O sol já baixava, mas o calor ainda era forte. Pelo menos o vento estava em neutro ou a favor. Mais uma paradinha breve pra comprar água e ficar ainda mais longe do Edson. A partir daqui a vontade de voltar pra casa aumentava o ânimo e o ritmo aumentou muito, menos nas subidas. O Edson ligou e disse que esperaria por nós no PC 5, muito gentil. Chegamos às 16:56 e fizemos um lanche mais demorado, pois era senso comum que seria a última parada longa. Havíamos recuperado a média de velocidade, mas sem folgas. Do PC 5 ao PC 6 (chegada) seriam pouco mais de 40 km e à noite. Ainda bem que havia forte vento a favor e o sol se punha.
Seguimos todos juntos num ritmo alucinante só interrompido por um acidente na estrada.

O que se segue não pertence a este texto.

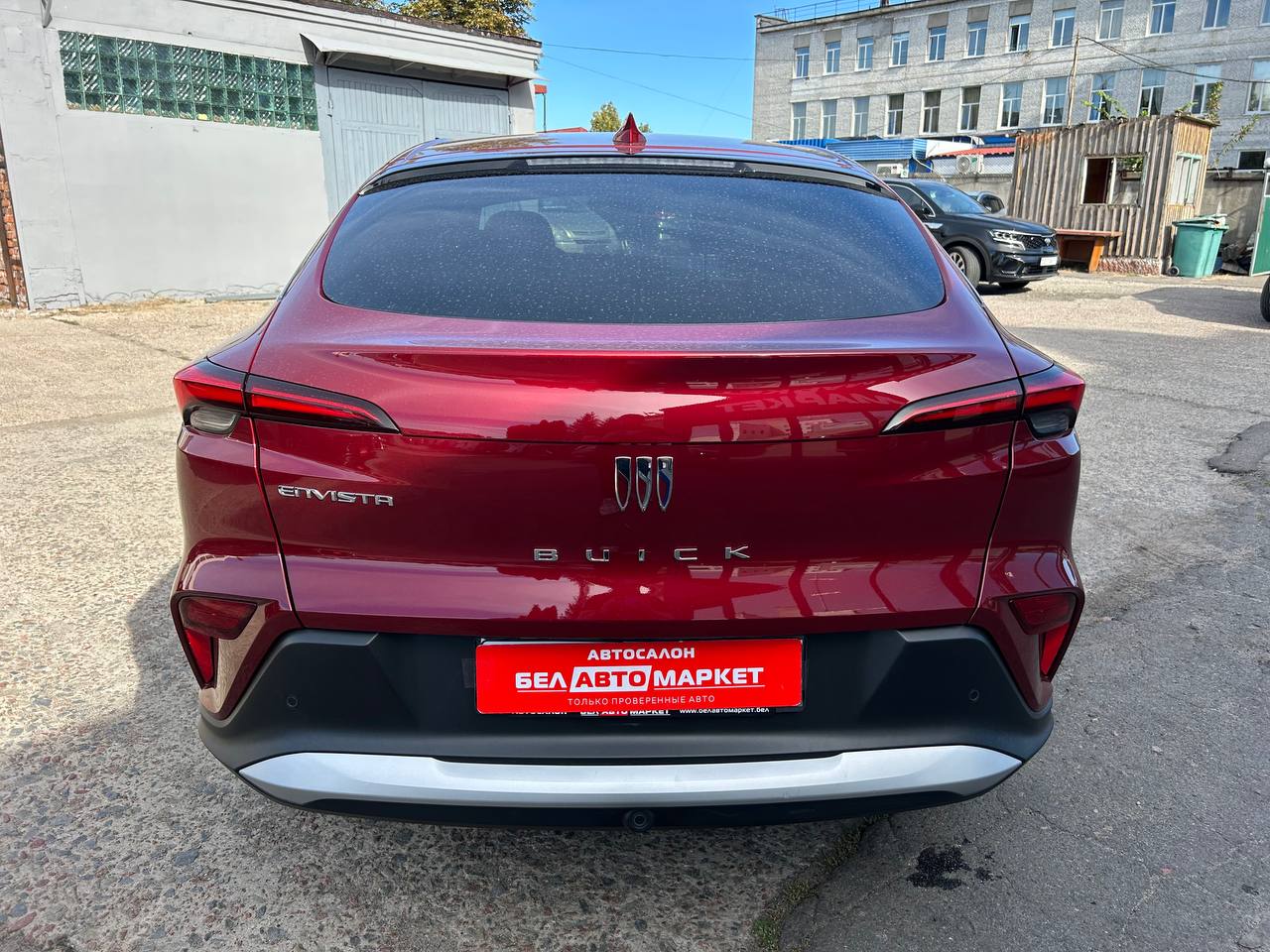 Фото автомобиля 5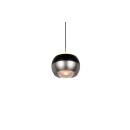 Trio SELECT  344410107  LED Pendelleuchte ORBIT  | 8W integrierte LED-Quelle | 960lm | 2300+3000+4000K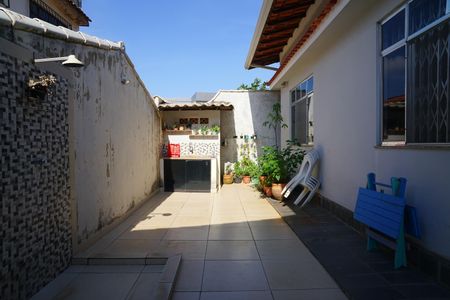 Casa para alugar com 80m², 2 quartos e 2 vagas Casa para alugar com 80m², 2 quartos e 2 vagasÁrea externa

Até a saída 318 da BR 101 nossa média ficou em 28 km/h e já tínhamos 250 km no hodômetro! Entramos em uma São Gonçalo com bastante trânsito de motoristas domingueiros e mal humorados, mas sobrevivemos a mais esse teste e chegamos à estação das Barcas às 19:20. Rapidamente entramos na estação pra voltar pra casa e o meu celular começa a fazer ligações pra informar do sucesso. Marcos e Daniel voltaram bem e já estavam em casa. Paulo César idem.
O dia foi desgastante, a noite foi linda e fez valer a pena pedalar na hora em que deveríamos estar dormindo. Foi uma experiência diferente, mais fascinante do que eu pensava e mais segura do que parece. A distância é realmente muito grande e acho que ainda não ‘caiu a ficha’ de que realmente completamos esse grande desafio.
Agradeço muito aos colegas de pedalada. Foram fundamentais para diminuir os momentos de desânimo e potencializar as (muitas) horas agradáveis. Agradeço também aos amigos que ligaram o dia todo pra acompanhar a jornada.